Transcribe all the data below exactly, leaving its pictures out.

▶ [Given data]:
------------------------------------------------------------------------

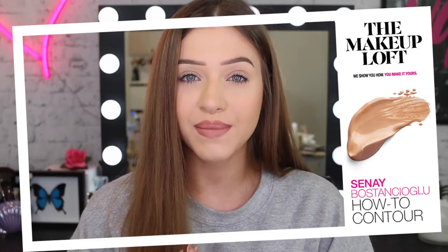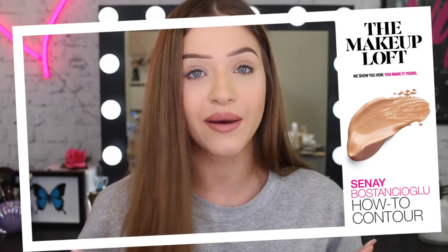Hi guys, welcome back to the Maybelline Makeup Loft. Today I'm going to be showing you guys my contouring tips and tricks. I did come prepared — I brought my coffee so we can get pumped for today.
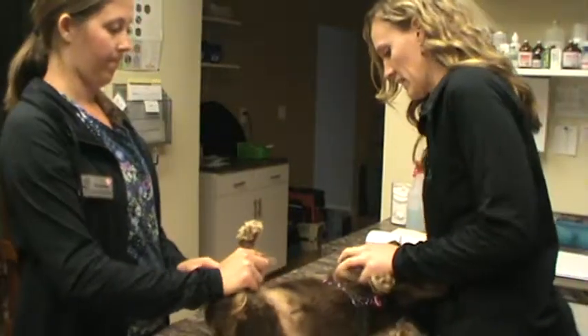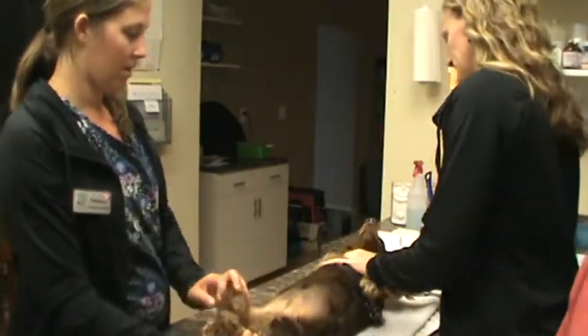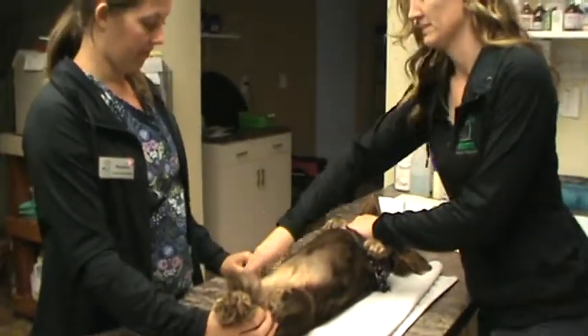Okay, this is Chelsea Marks for BETT 220, class 24, and we're going to do assistive cystocentesis on this female dog here. I have two assistants restraining her.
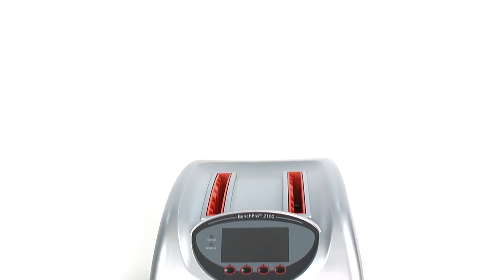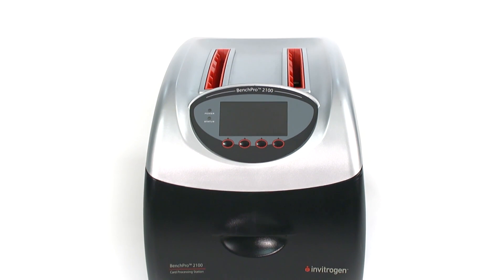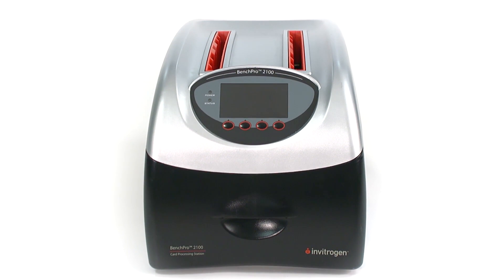It's taken two to three years to develop the BenchPro 2100. We had an idea of what we wanted to do in terms of completely automating this process. The main consideration was to eliminate any human intervention steps in doing this process.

------------------------------------------------------------------------

▶ [Answer space]:
Hi guys, welcome back to the Maybelline Makeup Loft. Today I'm going to be showing you guys my contouring tips and tricks. I did come prepared — I brought my coffee so we can get pumped for today.
Okay, this is Chelsea Marks for BETT 220, class 24, and we're going to do assistive cystocentesis on this female dog here. I have two assistants restraining her.
It's taken two to three years to develop the BenchPro 2100. We had an idea of what we wanted to do in terms of completely automating this process. The main consideration was to eliminate any human intervention steps in doing this process.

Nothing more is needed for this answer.